7.6.12

era pequena e sonhava



Era pequena e na altura via ainda televisão estrangeira pela parabólica que estava em cima do telhado. Não era como hoje mas não deixava de ser pior só por ser diferente. Era pequena e via televisão pela parabólica, apanhava canais em línguas estranhas que não entendia, mas gostava de ver as imagens. Deve ter sido por essa altura que começou este desejo insustentável de conhecer as coisas, o mundo. Era pequena e via televisão estrangeira pela parabólica que estava em cima do telhado. E imaginava um mundo maravilhoso depois das quatro paredes da casa alta onde vivia. Era pequena e sonhava. Tenho a certeza que foi por causa da parabólica, que estava em cima do telhado, que tive esta sede de partir, com destinos ou sem destinos. Era pequena e sonhava. Comecei a sonhar por causa da parabólica que me mostrava imagens estrangeiras, depois tive vontade de as conhecer. Era pequena, tinha para ai uns cinco anos e via televisão estrangeira. Tive uma coleção de cassetes de vídeo, sobre a ciência toda do mundo: das árvores aos peixe-gato. Via-as depois do Dragon Ball e de uma ou duas cassetes da Disney, ao sábado de manhã. Não fiquei mais sábia, mas fiquei mais curiosa. Não consigo explicar o que foi construir os anos belos de uma infância, já perdida, em cassetes de vídeo, filmes estrangeiros em línguas estranhas ou os canais da televisão espanhola que apresentavam programas infantis. Sei porém que sem isso não teria construído esta sede de viver o mundo. E se hoje a sinto é certamente graças à parabólica que estava em cima do telhado e me mostrava o mundo. Lembro-me de quando, numa dessas manhãs de filmes, apanhei um choque no vídeo lá de casa. A partir daí fiquei com medo de meter a mão dentro do vídeo, então, desenvolvi uma estratégia: comecei a meter as cassetes no vídeo com os pés.  O que resultou bem até ao final da infância, quando cai no erro de me achar crescida demais para o continuar a fazer. 
Lembro-me de estar sentada no sofá no dia em que a princesa de Inglaterra morreu, nunca mais me esqueci dessa tarde. Eu não sabia ao certo onde era a Inglaterra, nem o sítio onde a princesa de Inglaterra tinha ido jantar mas, lembro-me do carro preto. Fiquei triste nesse dia; eu estava no sofá e a minha mãe lavava o chão da sala com sonasol verde. Lembro-me de me ter caído uma lágrima e do cheiro do sonasol verde. Pensei que era triste uma princesa morrer assim. Era pequena e na altura, como todas as pequenas, sonhava casar com um dos príncipes. Mantive esse crença durante algum tempo.

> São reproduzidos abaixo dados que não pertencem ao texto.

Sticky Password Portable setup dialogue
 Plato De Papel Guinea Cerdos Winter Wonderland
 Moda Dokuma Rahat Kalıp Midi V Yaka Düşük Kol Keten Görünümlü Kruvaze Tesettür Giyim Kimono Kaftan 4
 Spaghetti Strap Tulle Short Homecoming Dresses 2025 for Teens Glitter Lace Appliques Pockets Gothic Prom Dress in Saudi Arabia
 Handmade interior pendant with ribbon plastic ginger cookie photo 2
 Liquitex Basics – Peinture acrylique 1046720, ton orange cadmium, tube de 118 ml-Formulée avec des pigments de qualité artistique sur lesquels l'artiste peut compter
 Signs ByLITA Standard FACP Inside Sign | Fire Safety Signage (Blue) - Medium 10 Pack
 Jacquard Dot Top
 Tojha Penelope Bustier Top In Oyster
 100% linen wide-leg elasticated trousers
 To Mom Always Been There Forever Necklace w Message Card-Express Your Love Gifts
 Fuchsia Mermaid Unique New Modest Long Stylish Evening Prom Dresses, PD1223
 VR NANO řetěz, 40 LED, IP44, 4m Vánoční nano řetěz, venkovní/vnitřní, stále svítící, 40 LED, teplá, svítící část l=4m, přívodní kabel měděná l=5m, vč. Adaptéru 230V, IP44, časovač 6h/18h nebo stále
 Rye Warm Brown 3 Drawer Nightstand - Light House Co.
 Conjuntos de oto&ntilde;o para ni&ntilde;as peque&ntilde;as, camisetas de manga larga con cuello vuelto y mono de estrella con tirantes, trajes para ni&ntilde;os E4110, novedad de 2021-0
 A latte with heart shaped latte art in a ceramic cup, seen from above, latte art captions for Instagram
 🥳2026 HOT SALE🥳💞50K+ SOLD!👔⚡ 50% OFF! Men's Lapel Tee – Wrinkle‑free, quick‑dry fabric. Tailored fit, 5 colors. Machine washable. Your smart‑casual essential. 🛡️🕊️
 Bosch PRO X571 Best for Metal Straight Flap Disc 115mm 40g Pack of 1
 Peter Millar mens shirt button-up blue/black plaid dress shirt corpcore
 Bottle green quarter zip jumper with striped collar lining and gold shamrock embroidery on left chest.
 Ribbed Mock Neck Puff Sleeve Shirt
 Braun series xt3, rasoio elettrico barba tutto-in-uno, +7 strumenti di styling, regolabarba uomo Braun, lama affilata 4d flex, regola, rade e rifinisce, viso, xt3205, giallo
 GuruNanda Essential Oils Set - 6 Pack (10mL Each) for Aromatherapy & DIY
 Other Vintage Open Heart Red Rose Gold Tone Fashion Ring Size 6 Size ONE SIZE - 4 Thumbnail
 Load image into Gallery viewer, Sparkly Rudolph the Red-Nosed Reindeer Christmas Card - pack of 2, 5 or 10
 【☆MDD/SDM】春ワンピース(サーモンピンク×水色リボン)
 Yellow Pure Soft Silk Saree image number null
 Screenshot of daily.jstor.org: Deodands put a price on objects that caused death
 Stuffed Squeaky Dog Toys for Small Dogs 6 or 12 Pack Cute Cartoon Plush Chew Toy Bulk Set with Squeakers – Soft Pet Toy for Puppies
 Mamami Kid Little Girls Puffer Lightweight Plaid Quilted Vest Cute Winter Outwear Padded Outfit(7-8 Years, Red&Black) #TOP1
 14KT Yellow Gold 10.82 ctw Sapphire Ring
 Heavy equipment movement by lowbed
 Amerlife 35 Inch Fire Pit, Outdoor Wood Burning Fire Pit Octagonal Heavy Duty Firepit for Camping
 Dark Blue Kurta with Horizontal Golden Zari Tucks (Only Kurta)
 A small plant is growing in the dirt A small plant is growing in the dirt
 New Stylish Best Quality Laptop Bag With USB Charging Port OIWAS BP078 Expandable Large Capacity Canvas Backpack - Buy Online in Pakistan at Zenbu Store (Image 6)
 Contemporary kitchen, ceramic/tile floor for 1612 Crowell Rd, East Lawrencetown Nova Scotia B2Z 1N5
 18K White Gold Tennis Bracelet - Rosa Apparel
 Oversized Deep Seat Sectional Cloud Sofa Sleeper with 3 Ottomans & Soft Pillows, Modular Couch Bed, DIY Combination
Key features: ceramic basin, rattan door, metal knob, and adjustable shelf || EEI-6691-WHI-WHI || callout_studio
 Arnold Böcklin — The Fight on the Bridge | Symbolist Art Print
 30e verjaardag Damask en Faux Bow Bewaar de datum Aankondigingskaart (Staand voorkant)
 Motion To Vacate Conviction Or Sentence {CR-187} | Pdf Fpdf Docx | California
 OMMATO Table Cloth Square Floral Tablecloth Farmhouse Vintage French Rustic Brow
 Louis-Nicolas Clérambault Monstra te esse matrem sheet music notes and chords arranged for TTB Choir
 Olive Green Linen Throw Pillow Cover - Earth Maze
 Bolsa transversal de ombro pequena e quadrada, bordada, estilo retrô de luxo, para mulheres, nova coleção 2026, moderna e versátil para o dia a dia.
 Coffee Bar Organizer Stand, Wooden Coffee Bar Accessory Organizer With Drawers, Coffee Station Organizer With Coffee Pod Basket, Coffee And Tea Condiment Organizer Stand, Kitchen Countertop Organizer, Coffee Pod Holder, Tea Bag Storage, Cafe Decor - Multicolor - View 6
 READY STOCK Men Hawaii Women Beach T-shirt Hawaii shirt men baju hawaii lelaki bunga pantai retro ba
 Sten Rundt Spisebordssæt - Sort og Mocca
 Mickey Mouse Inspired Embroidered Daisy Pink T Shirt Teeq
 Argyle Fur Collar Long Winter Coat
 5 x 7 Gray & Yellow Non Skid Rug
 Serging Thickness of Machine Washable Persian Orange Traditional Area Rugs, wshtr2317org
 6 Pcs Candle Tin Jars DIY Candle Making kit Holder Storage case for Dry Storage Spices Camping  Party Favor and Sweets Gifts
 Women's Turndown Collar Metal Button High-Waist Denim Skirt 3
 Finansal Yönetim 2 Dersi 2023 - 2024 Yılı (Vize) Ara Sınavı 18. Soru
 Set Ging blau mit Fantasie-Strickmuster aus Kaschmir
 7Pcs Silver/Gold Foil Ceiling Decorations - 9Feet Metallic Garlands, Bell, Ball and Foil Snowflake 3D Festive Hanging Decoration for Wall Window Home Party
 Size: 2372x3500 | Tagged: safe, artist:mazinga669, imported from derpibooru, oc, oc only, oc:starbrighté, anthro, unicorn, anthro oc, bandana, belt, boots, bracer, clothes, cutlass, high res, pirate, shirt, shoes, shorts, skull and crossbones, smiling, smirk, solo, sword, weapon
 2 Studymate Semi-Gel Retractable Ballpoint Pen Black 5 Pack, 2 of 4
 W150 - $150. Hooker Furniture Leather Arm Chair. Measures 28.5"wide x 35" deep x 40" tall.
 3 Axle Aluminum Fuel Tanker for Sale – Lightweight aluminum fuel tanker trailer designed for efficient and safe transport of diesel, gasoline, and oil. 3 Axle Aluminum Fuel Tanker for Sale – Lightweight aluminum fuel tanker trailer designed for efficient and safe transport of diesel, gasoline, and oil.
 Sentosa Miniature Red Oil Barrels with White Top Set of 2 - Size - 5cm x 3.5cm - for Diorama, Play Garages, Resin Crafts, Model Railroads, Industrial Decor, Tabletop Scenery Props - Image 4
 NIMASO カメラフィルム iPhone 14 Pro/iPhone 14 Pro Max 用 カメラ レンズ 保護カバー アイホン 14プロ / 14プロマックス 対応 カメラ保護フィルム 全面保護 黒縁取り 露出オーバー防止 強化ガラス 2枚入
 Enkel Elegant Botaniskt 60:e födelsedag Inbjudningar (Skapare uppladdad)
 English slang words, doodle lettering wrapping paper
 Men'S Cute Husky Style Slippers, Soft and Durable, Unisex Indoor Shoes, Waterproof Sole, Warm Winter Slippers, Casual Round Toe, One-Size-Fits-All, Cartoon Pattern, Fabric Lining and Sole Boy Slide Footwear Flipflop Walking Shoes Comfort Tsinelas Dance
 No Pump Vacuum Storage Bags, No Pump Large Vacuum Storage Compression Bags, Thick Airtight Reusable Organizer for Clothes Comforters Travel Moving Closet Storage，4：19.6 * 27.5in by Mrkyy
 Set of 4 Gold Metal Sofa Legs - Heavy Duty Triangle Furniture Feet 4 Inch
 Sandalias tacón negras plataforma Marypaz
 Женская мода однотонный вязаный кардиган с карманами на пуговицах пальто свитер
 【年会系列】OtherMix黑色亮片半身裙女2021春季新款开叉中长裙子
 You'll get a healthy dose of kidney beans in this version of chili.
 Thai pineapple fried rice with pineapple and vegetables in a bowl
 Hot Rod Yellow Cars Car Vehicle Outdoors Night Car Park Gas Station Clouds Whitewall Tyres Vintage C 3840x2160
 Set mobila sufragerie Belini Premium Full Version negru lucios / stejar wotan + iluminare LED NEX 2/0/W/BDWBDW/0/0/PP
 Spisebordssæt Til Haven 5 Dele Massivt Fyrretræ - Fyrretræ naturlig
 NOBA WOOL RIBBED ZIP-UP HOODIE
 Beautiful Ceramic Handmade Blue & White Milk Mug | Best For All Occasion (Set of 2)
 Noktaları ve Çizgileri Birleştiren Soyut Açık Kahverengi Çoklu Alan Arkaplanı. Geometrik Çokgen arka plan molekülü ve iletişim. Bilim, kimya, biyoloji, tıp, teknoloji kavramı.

Quando chegou o DVD perdi uma parte de mim. As minhas manhãs de sábado dissiparam-se; as cassetes sobre o mundo ficaram com pó e, as da Disney, disse-me a consciência, para as partilhar com os meus primos mais novos. Eles também deveriam conhecer a força da Mulan que cortou o cabelo com a espada ou chorar com o Simba quando o pai morreu. Disse-mo a consciência (na altura ainda tenra) e eu, concordei. Com uma angústia que, não sendo por mal, magoava. Dar parte da minha infância a outros mais novos que eu, consistia suster algumas lágrimas para não dar parte fraca. Não dei.
Depois, a parabólica que estava em cima do telhado, deixou de funcionar. Foi quando apareceu outro tipo de televisão. Os meus canais de línguas imperceptíveis desapareceram e eu desapareci um bocadinho com eles. 
Vivi sempre com uma esperança diferente dos da minha idade (fosse qual fosse a idade). Tive sempre esta sede de viver para conhecer as coisas do mundo. Intrinsecamente sei que foi pela parabólica que me mostrou as mais belas imagens da minha infância. Intrinsecamente, nunca mais a esqueci. 
Hoje, continuo com esta sede de viver o mundo. Já não vejo televisão. Nem os filmes da Disney. Nem documentários sobre a Terra. Hoje, continuo com esta sede de viver o mundo mas, leio blogues em vez de ver televisão, vejo imagens de outros sítios em ver dos canais da parabólica, e sonho. Sonho com esta sede de viver o mundo, com a mesma força, com a mesma paixão, com que a sonhava em pequena. Esta sede de viver o mundo que sempre me fez ser diferente dos da minha idade, ainda faz, todos os dias...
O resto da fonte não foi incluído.